**What this task involves:** Exact wording is required for every entry; transcribe all of them and leave the images out.

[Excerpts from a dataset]
-------------------------

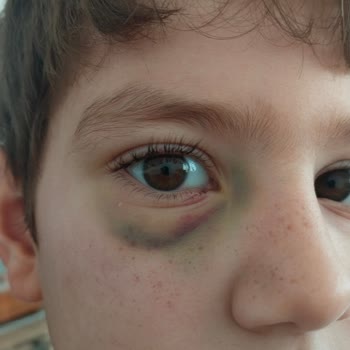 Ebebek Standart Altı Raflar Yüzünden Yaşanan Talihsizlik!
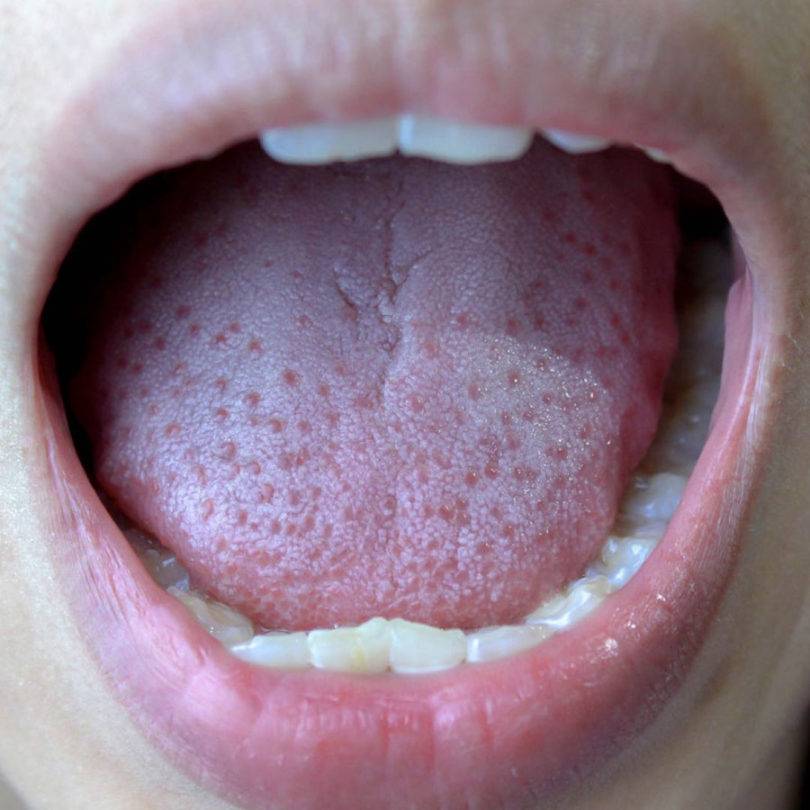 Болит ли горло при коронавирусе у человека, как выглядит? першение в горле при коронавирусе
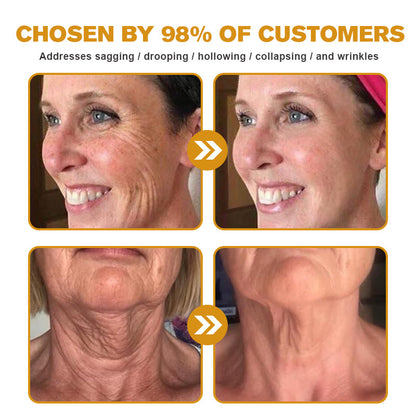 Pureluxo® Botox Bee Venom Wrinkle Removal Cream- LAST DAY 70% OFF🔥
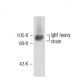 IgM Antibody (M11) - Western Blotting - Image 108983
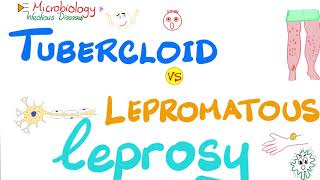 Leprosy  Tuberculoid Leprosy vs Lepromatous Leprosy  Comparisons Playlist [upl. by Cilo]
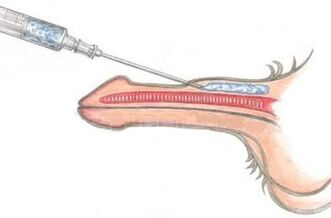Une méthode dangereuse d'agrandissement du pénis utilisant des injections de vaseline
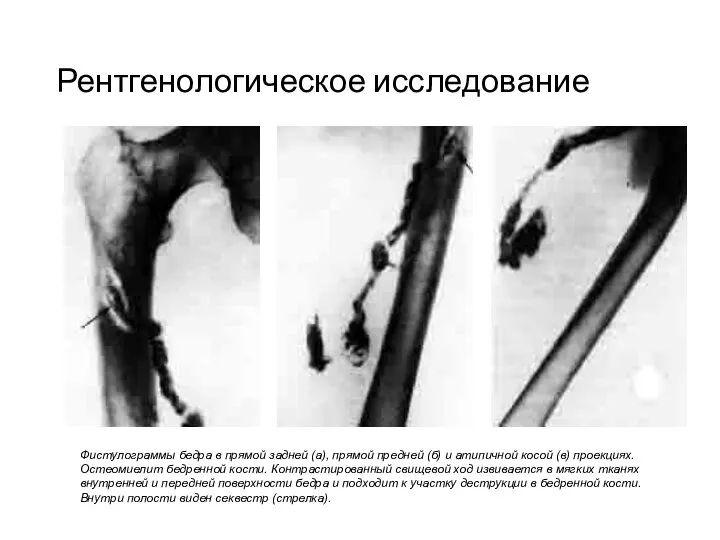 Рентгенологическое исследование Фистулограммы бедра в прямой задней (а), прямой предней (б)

-------------------------

**Response to the exercise:**
 Ebebek Standart Altı Raflar Yüzünden Yaşanan Talihsizlik!
 Болит ли горло при коронавирусе у человека, как выглядит? першение в горле при коронавирусе
 Pureluxo® Botox Bee Venom Wrinkle Removal Cream- LAST DAY 70% OFF🔥
 IgM Antibody (M11) - Western Blotting - Image 108983
 Leprosy  Tuberculoid Leprosy vs Lepromatous Leprosy  Comparisons Playlist [upl. by Cilo]
Une méthode dangereuse d'agrandissement du pénis utilisant des injections de vaseline
 Рентгенологическое исследование Фистулограммы бедра в прямой задней (а), прямой предней (б)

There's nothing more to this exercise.